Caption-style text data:

════════════════

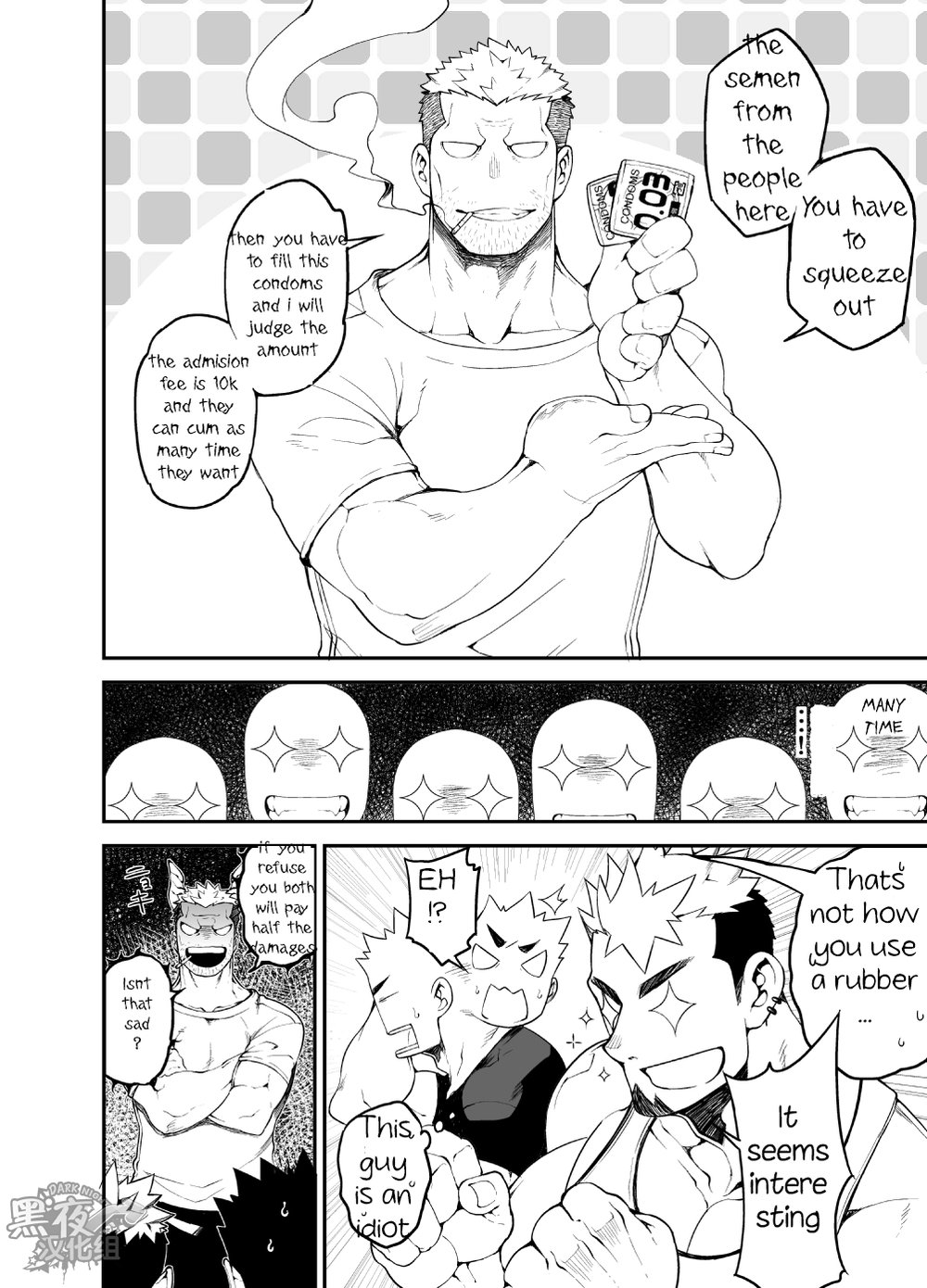 Kenken 04 | Noisy Dog 04 page 9 full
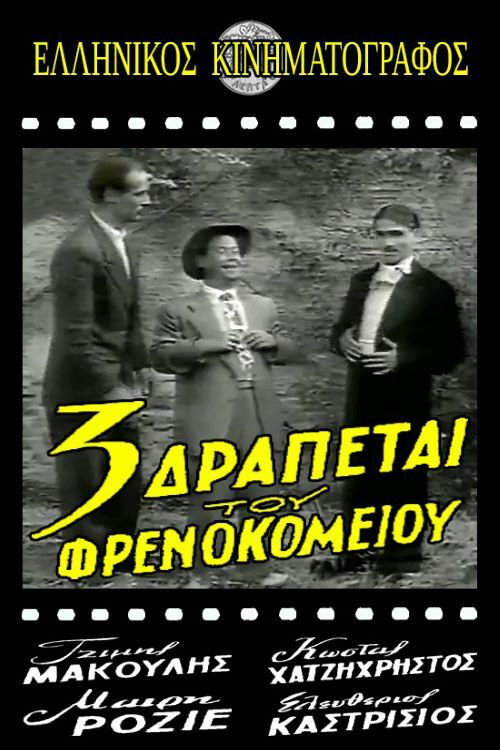 Τρεις δραπέτες του φρενοκομείου (1954) poster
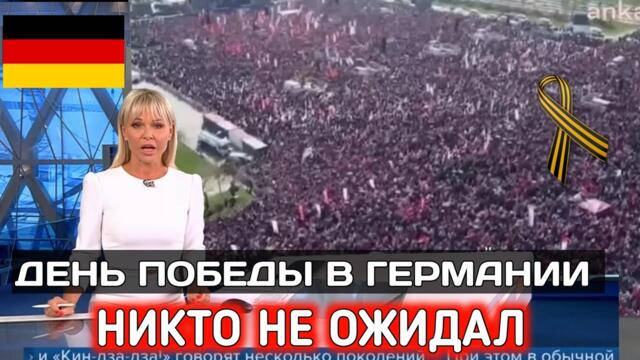 ШОК ВСЯ ГЕРМАНИЯ ВЫШЛА ОТМЕЧАТЬ ДЕНЬ ПОБЕДЫ!!!! НЕМЦЫ С РУССКОЙ ДУШОЙ! ВОТ ЧТО СЛУЧИЛОСЬ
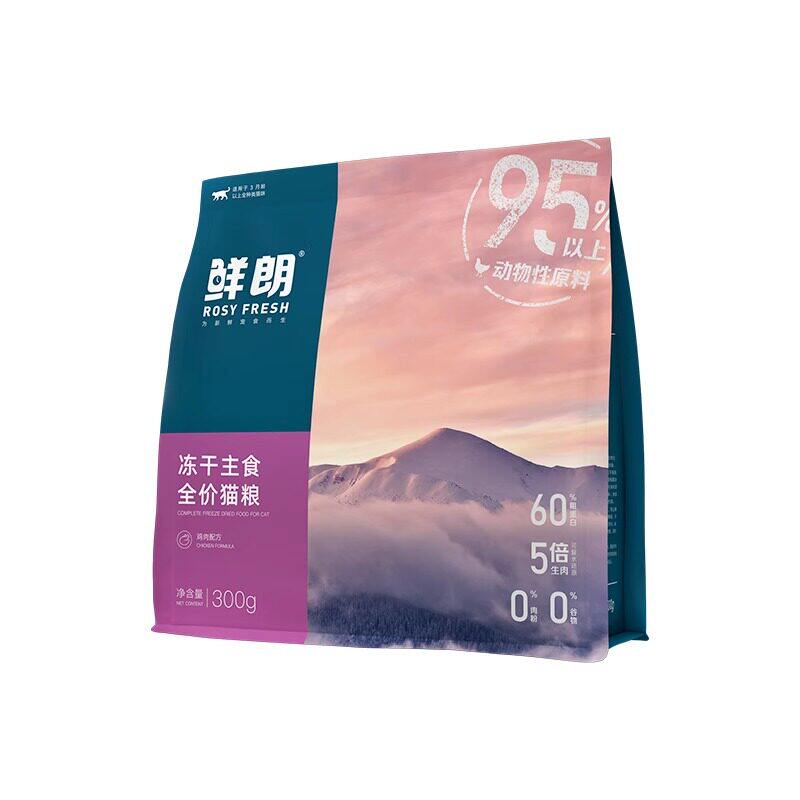 鲜朗冻干生骨肉无谷高蛋白猫粮
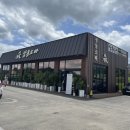 삼동소바충북 이미지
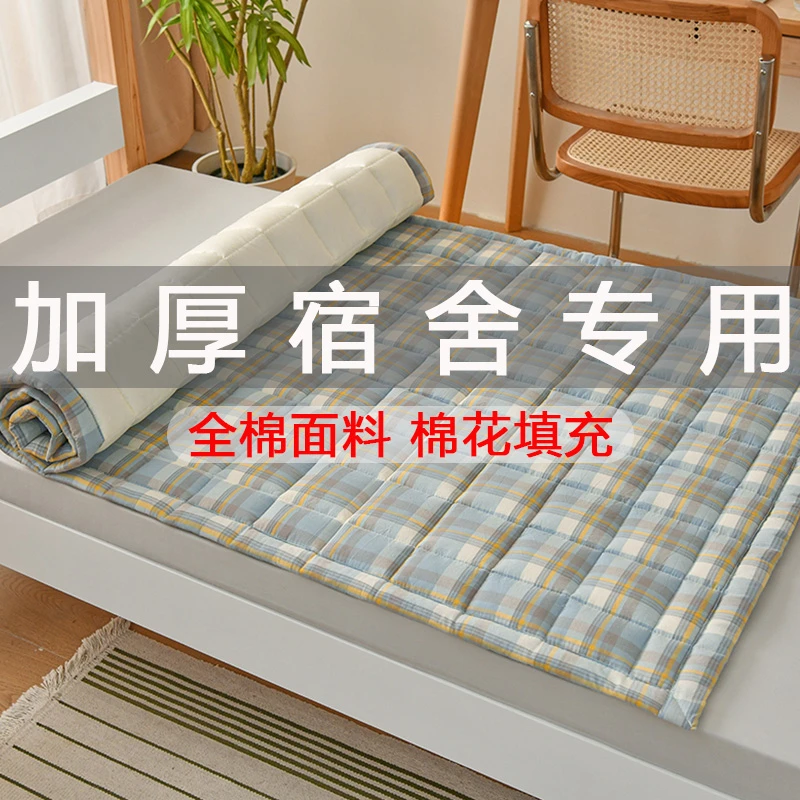 全棉床褥垫棉花床垫加厚单人可折叠纯棉学生宿舍上下地铺床褥子新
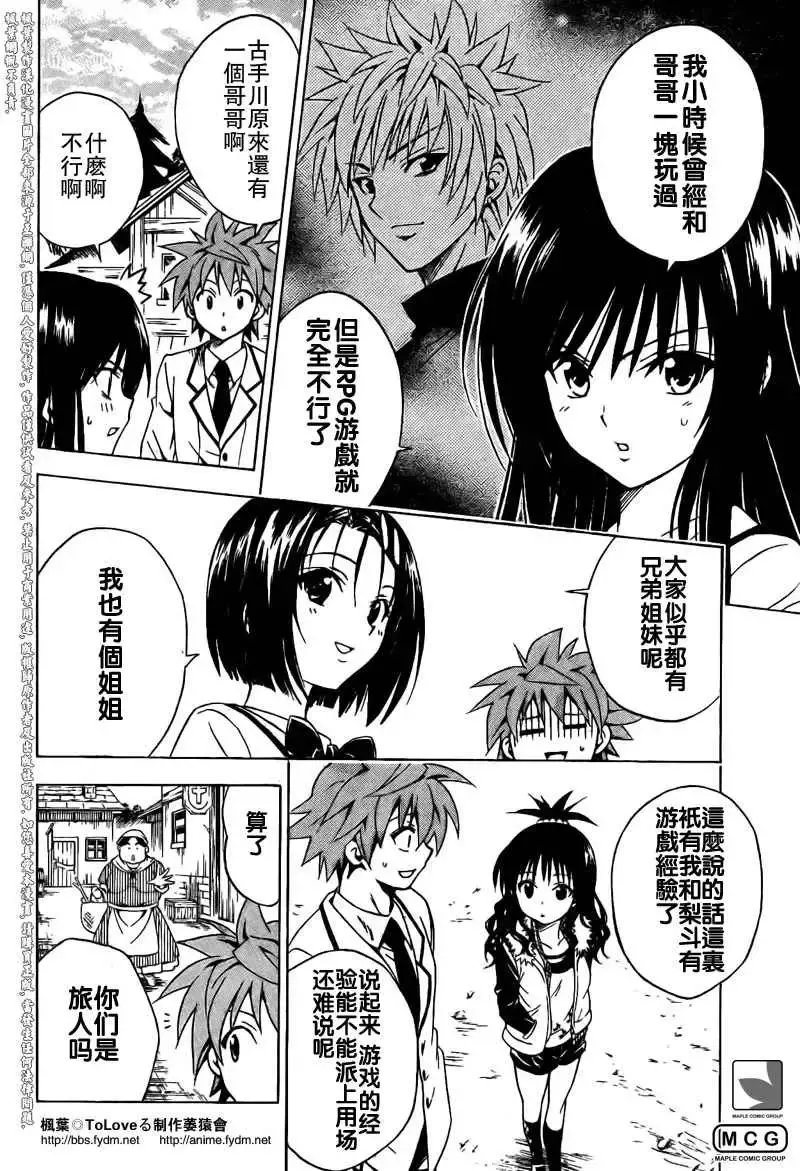 出包王女 - tolove094集 - page 4
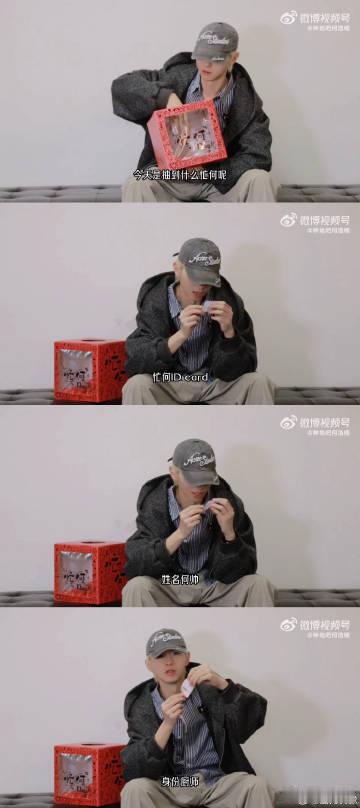 何浩楠做了5个小时的饭 哇哦！何浩楠化身“何帅大厨”，在厨房一待就是5小时。抽卡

════════════════

TASK: From the line with "全棉床褥垫棉花床垫加厚单人可折叠纯棉学生宿舍上下地铺床褥子新" through the final line of the records above, return each line exactly and nothing else. Pictures are to be skipped.

PROBLEM SOLUTION:
 全棉床褥垫棉花床垫加厚单人可折叠纯棉学生宿舍上下地铺床褥子新
 出包王女 - tolove094集 - page 4
 何浩楠做了5个小时的饭 哇哦！何浩楠化身“何帅大厨”，在厨房一待就是5小时。抽卡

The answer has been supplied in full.